Culture of mentorship necessary
14 July 2017 | Business
First Lady Monica Geingos has stressed that it is important to create mentorship networks. She addressed a room full of women yesterday where she shared learning experiences and what she had learnt.
Geingos also said that the former first lady, Penehupifo Pohamba, had been a mentor to her before her move to State House.
“The former first lady has been a mentor to me. She took me around the State House residence and showed me what the public does not see. The most important parts are the mechanics inside the machine,” said Geingos.
Although she acknowledged that she had been successful in her own right, she emphasised that it was still important to seek mentorship from others as well.
“I’m not too big to be mentored, you need mentorship when you are at your most powerful, success is its own worst enemy. There’s always a new standard to improve upon, you have to keep moving yourself up and how do you stop yourself from stagnating.
“It takes humility to go from mentor to mentee,” said Geingos.
She called on those seeking mentorship to be specific about why they sought mentorship.

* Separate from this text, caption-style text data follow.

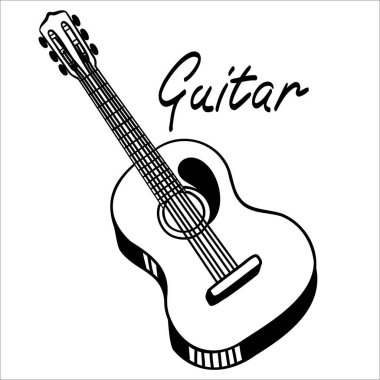 Akustik gitar taslağı taslak vektör çizimi ve beyaz üzerine izole edilmiş müzik metni.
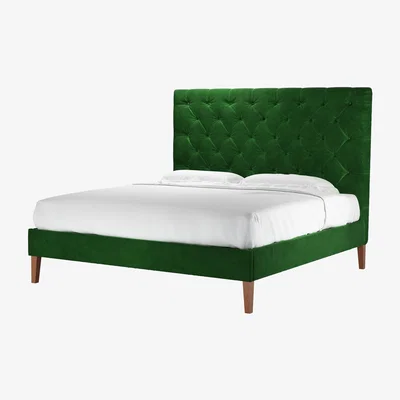 Sofa.com Rosalie 150cm Super King Bed in Putting Green Aquaclean Clever Velvet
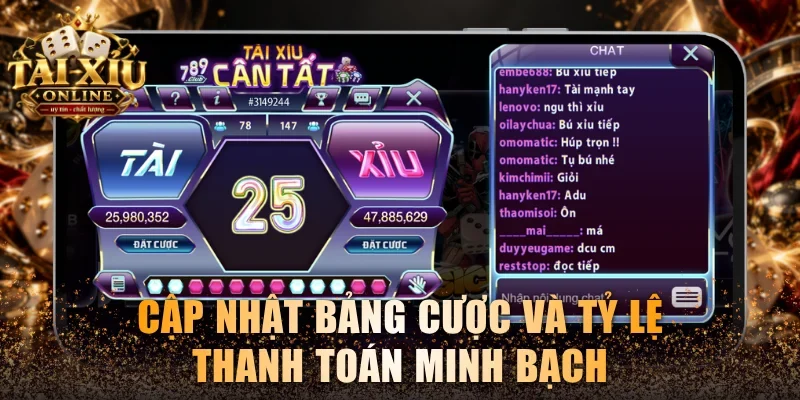 Tài Xỉu 789club - Hướng Dẫn Chơi Và Bật Mí Mẹo Trúng Lớn 3 Cập nhật bảng cược và tỷ lệ thanh toán minh bạch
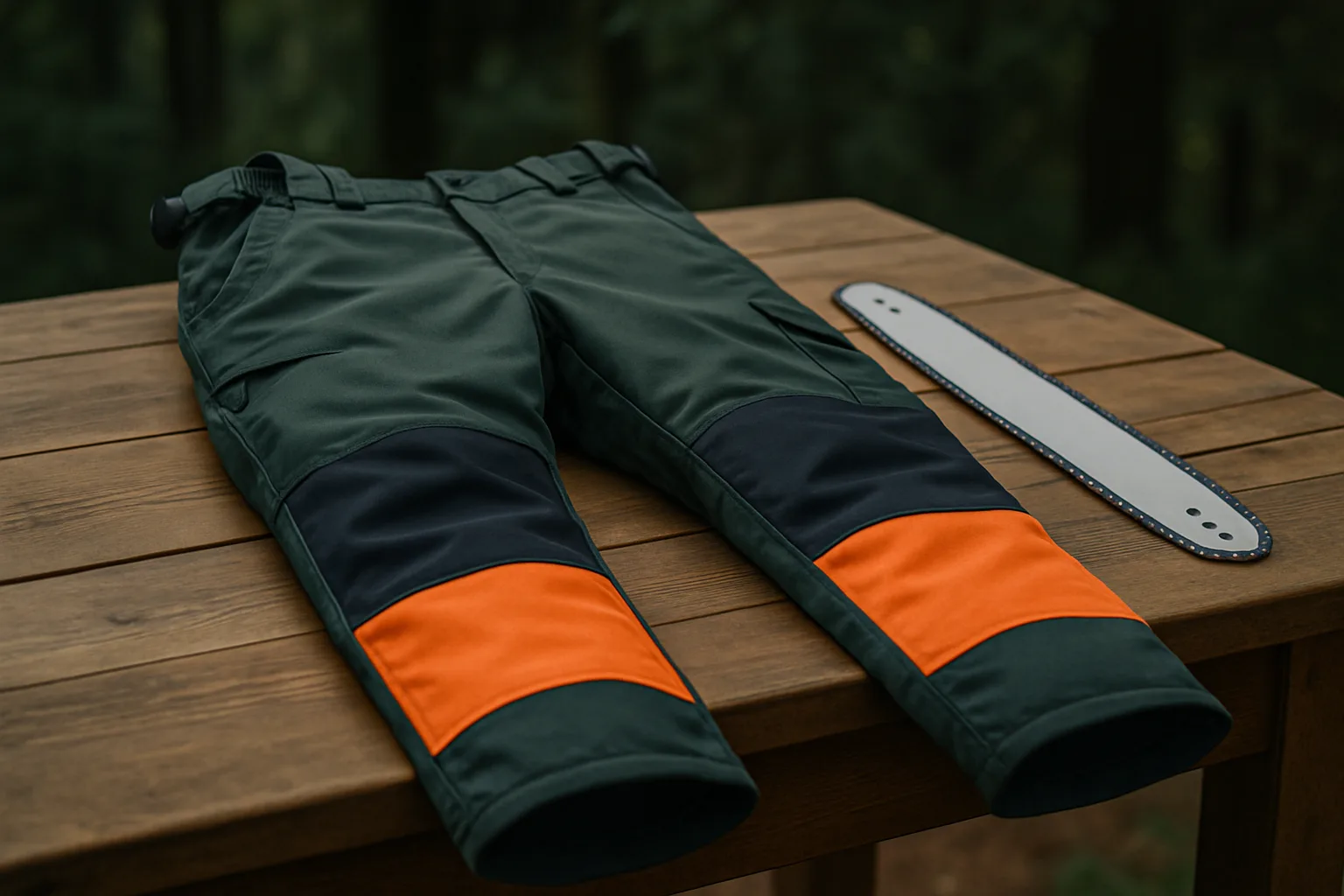 Strapazierfähige Schnittschutzhose Klasse 2 auf einem Holztisch neben Sägeschwert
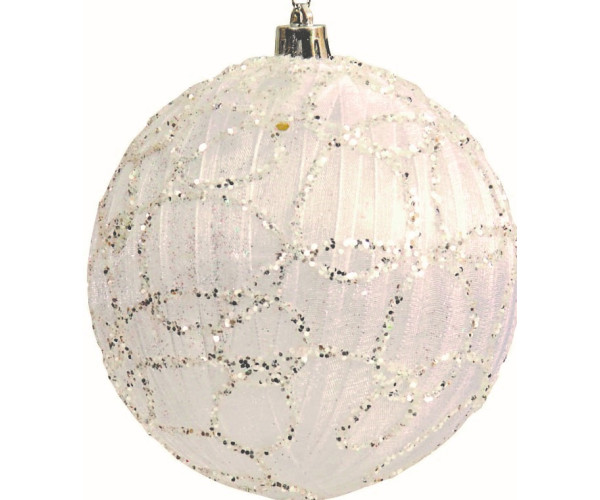 Λευκή Πλαστική Χριστουγεννιάτικη Μπάλα 10cm,Σέτ/3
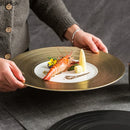 Axyaa Brushed Texture Ceramic Steak Pasta Sushi Dessert Plates for Molecular Cuisine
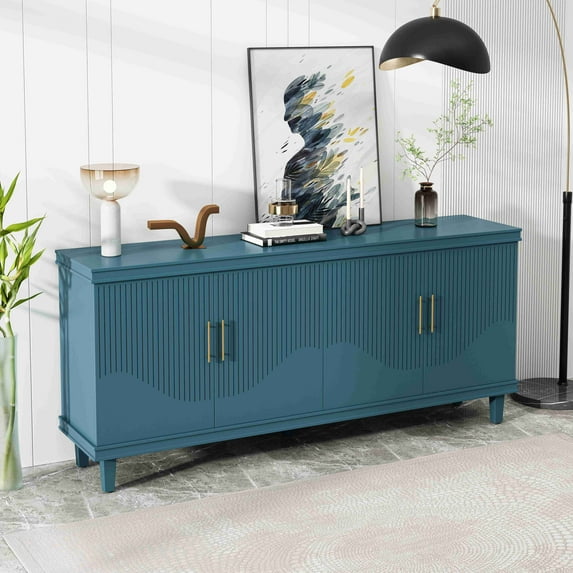 Llinc Store 70.07'' L Oversize 4-Door Cabinet, Buffet Sideboard Cabinet, Modern Freestanding Storage Cabin For Living Room, Hallway, Bedroom, Blue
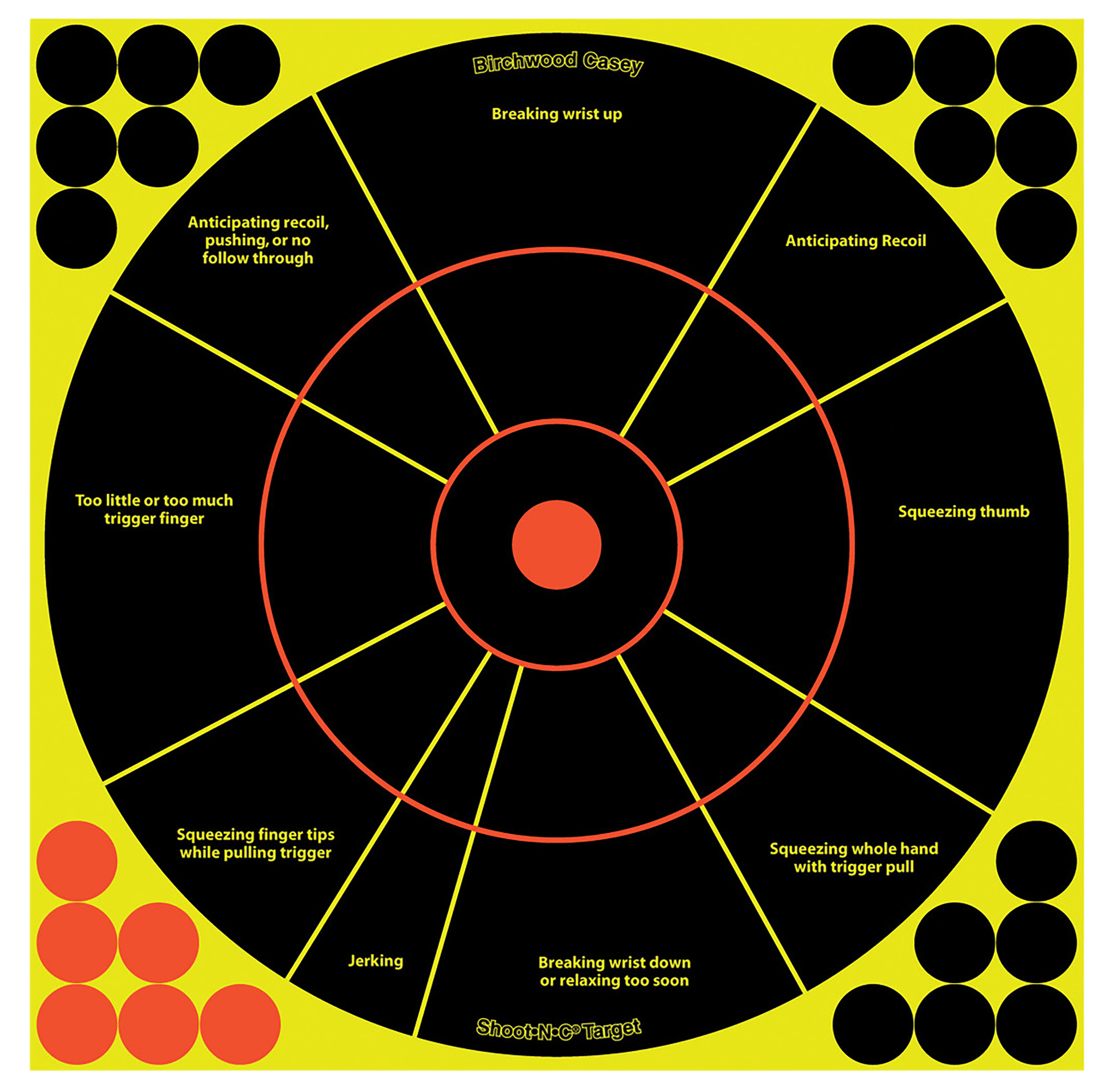 Birchwood Casey 34032 Shoot-N-C Handgun Trainer Self-Adhesive Paper Handgun Black/Yellow 12" Circle Includes Pasters 5 Pack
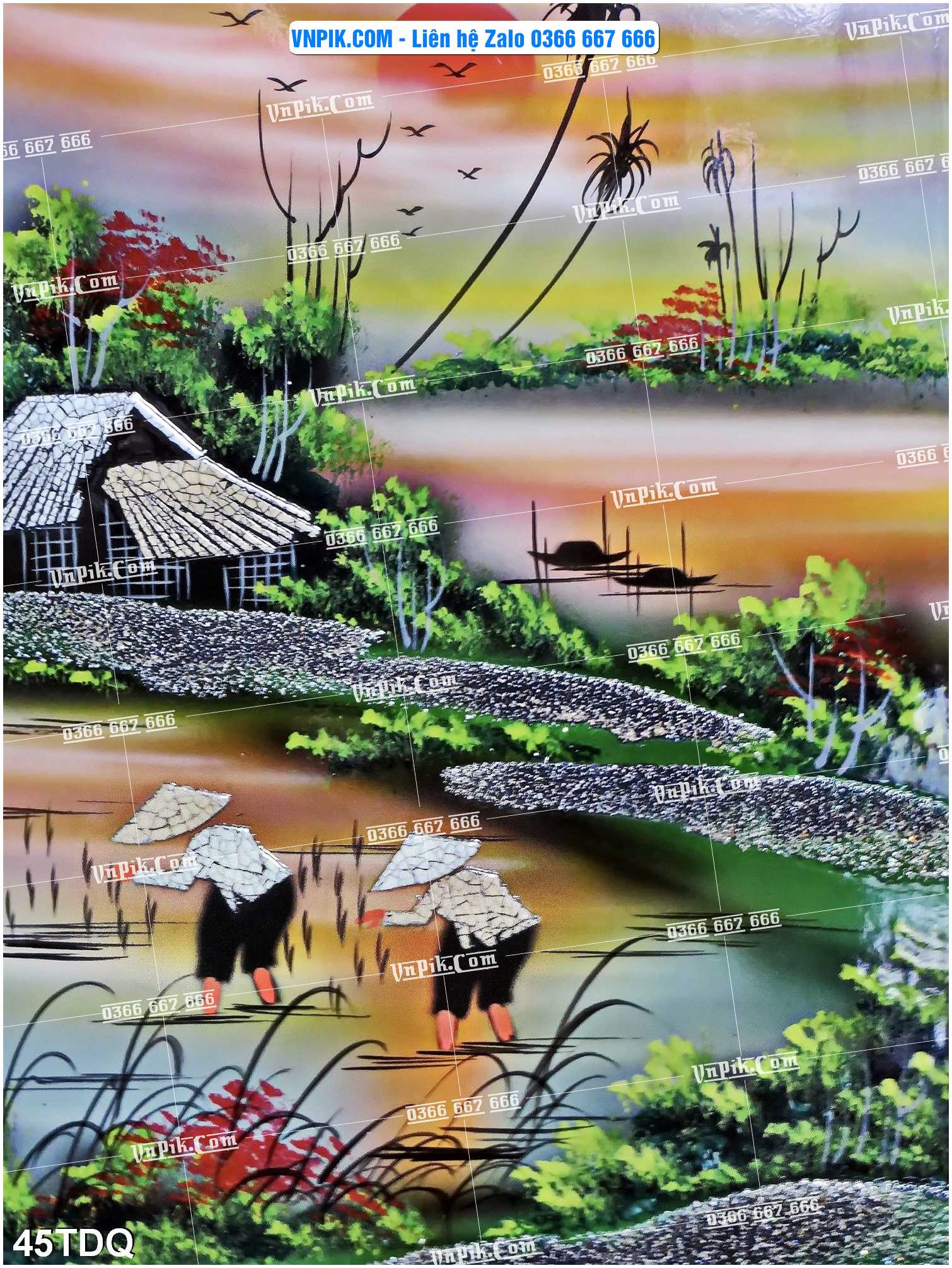 File Vector Tranh làng quê Việt nam mã file 45TDQ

“When you seek mentorship, you must be specific in what you need. You must all be able to bring something to the table. You must also give, do for others. You must bring something to the table. We must be able to trust each other in mentor relationships,” stressed Geingob.
Invited guest and founder of Ndalo Media, Khanyi Dhlomo, shared the importance of media. According to her, it was through mentorship relationships that she was able to create her company which has now spun off two magazines, ‘Destiny’ and ‘Destiny Men’.
“It is not about the name and the person, mentorship comes from different sources, it does not always come in the way that you would expect,” said Dhlomo, whose mentor turned out to be Naspers board chairman Koos Bekker.
According to Dhlomo, their relationship blossomed during her time at Media 24 when she was the editor of women’s magazine ‘True Love’.
“So strong was the relationship that there was a promise to support studies remained,” said Dhlomo, who had left to work for Tourism South Africa in Paris, France, for a two-year stint, thereafter progressing to study at Harvard for her MBA.
“When I created Ndalo Media I was able to go into a 50/50 partnership with Media 24. Even though I gave up 50% of my business, I got the opportunity to get something much bigger. My family and I have also been able to buy back the business,” said Dhlomo of her path with her mentor.
Entrepreneur Jerry Muadinohamba stressed the need for mentorship programmes to exist.
“We need to create a culture of mentorship, you should have a Key Performance Indicator targets and a number of people to mentor. That way it becomes a norm. We need to create that culture and move away from people driven management,” said Muadinohamba.